Artvin’deki çevrecilerin en çok vurguladıkları noktalardan bir tanesi madenlerin ruhsat aldıkları yerle yetinmeyecekleri ve süreç içerisinde daha da yayılacaklarıydı. Aradan geçen zaman bu fikrin ne kadar haklı olduğunu ispatlıyor. Cerattepe gözünü Artvin doğasına dikmiş tüm barbarlar için aşılması gereken bir engeldi. Bu engelin aşılması bu şirketler açısından çok daha yeni kapıların açılmasını sağlayacaktı.
Artvin’de günlerce süren direnişin sebebi de direnişi örgütleyenlerin bunu çok önceden görmüş olmaları ve halkın da desteğiyle mücadelenin büyümesiydi. Artvin yaşam alanlarını savunmaya çalışan herkes için bir örnek ve umut veren bir sembol haline geldi.
Gelinen noktada Cengiz’in maden şirketi ruhsat yüzölçümünü iki kat arttırarak bir kanser hücresi gibi yayılmaya devam ediyor.
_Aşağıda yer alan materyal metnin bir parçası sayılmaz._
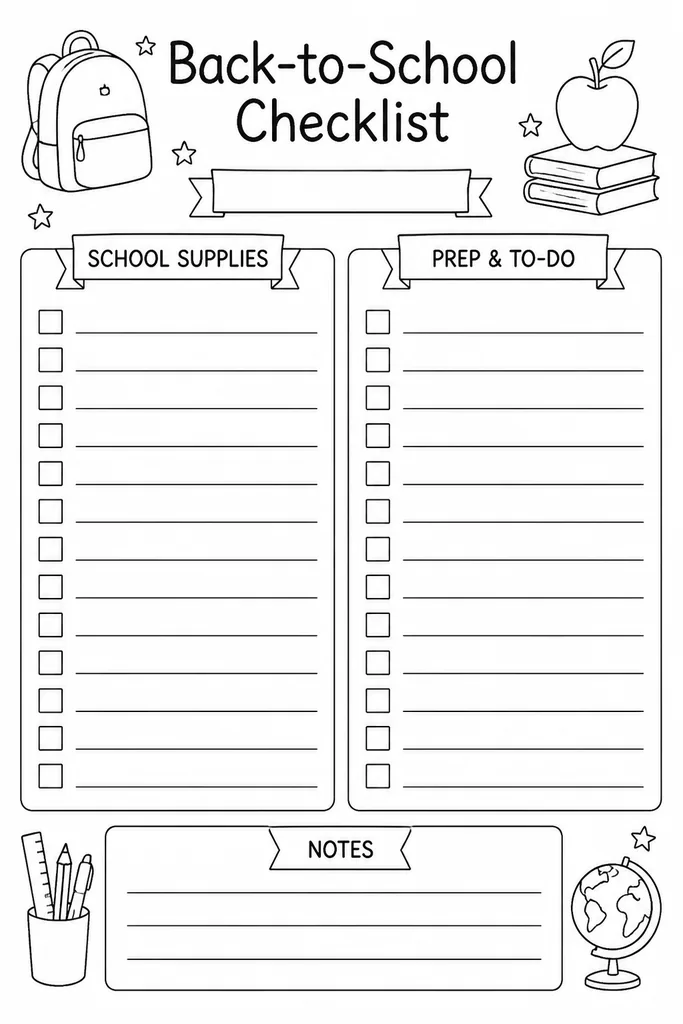 Blank back-to-school supplies and preparation checklist with empty rows divided into categories for stationery, clothing, and admin tasks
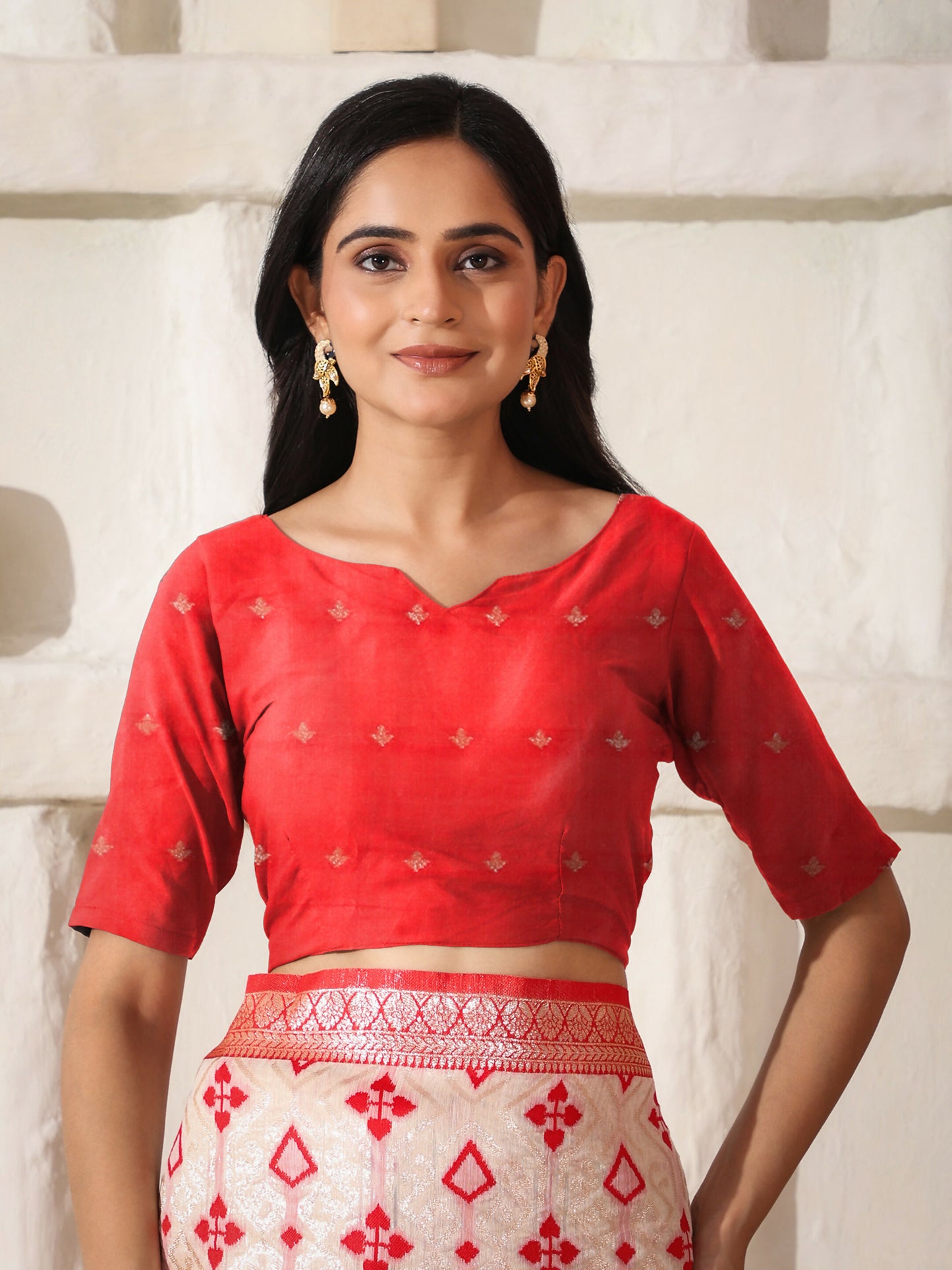 Shree Shyam Fashion Linen Cotton Red & White Saree - Distacart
Üstelik bölge diğer maden şirketlerinin de iştahını kabartan bir istila alanı haline dönüşmüş durumda.
Karahan ayrıca “HOD madeni olarak bilinen projede de önemli gelişmeler olduğu, şirketin kapasite artırımı ile ÇED alanını genişlettiğini ve işletme hazırlıkları yaptığını” açıklayarak, HOD Madenini işletecek şirket Erzincan İliç madenini işleten şirket olduğunu hatırlatıyor.
Karahan, proje alanlarındaki halkın çok dikkatli olması, hiçbir işbirliği ve ahlaksız teklife kanmamaları, yaşam alanlarını korumaya dönük her mücadeleyi göze almaları gerektiği konusunda da uyarıyor.
Nur Neşe Karahan’ın bu uyarısı belki de çevrecilerin karşılaştığı en büyük zorluk. Maden şirketleri istila etmeye çalıştıkları bölgelerdeki ekonomik sıkıntıları kullanarak halk içinde bir bölünme yaratmaya çalışıyor. Yerel işbirlikçilerin bir süre sonra maden şirketleri adına gönüllü tetikçilik yapmaları “sızma” harekâtının başarılı olmasına sebep oluyor.
Elbette devlet olanakları da maden şirketleri lehine seferber ediliyor ve şirketlerin propaganda faaliyeti devlet destekli bir kampanyaya dönüşüyor.
Artvin bugüne kadar bu kampanyaya direndi. Artvinlinin mücadelesi İstanbul Validebağ direnişinden, Rize İkizdere direnişine kadar birçok yere de ilham kaynağı oldu. Bir avuç insan önce Artvin’i sonra da tüm Türkiye’yi harekete geçirdi.
Türkiye’nin doğal tüm kaynaklarına böylesine kapsamlı bir saldırı varken küçük Artvin’in cesur insanları hem Artvin’i büyütüyor hem de umutları yeşertiyor.